WHAT TO DO: Repeat the lines of the data that follow, please, starting at the first and stopping after the one with "Foreign minister Dr".

Caption-style text data:
+-------+
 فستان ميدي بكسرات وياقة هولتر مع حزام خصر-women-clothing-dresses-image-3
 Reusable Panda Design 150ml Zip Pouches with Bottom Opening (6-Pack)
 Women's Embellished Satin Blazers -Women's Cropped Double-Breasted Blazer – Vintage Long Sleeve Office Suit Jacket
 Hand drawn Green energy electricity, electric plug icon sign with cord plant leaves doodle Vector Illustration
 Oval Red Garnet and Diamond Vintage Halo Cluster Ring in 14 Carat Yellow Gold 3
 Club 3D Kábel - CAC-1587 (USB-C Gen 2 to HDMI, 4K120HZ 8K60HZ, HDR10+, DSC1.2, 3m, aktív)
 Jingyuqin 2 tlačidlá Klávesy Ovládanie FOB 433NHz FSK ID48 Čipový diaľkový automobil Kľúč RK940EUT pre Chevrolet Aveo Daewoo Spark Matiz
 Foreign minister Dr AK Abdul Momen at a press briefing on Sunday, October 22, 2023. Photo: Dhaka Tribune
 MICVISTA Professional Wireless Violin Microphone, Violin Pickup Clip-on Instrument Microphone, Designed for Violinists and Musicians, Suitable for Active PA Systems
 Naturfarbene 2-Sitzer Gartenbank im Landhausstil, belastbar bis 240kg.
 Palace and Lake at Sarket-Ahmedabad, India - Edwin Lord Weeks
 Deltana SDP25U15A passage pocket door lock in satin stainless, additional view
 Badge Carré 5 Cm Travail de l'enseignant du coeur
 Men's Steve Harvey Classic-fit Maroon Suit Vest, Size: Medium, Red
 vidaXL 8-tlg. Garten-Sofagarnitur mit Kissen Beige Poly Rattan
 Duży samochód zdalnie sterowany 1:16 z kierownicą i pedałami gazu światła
+-------+
ANSWER BOX:
 فستان ميدي بكسرات وياقة هولتر مع حزام خصر-women-clothing-dresses-image-3
 Reusable Panda Design 150ml Zip Pouches with Bottom Opening (6-Pack)
 Women's Embellished Satin Blazers -Women's Cropped Double-Breasted Blazer – Vintage Long Sleeve Office Suit Jacket
 Hand drawn Green energy electricity, electric plug icon sign with cord plant leaves doodle Vector Illustration
 Oval Red Garnet and Diamond Vintage Halo Cluster Ring in 14 Carat Yellow Gold 3
 Club 3D Kábel - CAC-1587 (USB-C Gen 2 to HDMI, 4K120HZ 8K60HZ, HDR10+, DSC1.2, 3m, aktív)
 Jingyuqin 2 tlačidlá Klávesy Ovládanie FOB 433NHz FSK ID48 Čipový diaľkový automobil Kľúč RK940EUT pre Chevrolet Aveo Daewoo Spark Matiz
 Foreign minister Dr AK Abdul Momen at a press briefing on Sunday, October 22, 2023. Photo: Dhaka Tribune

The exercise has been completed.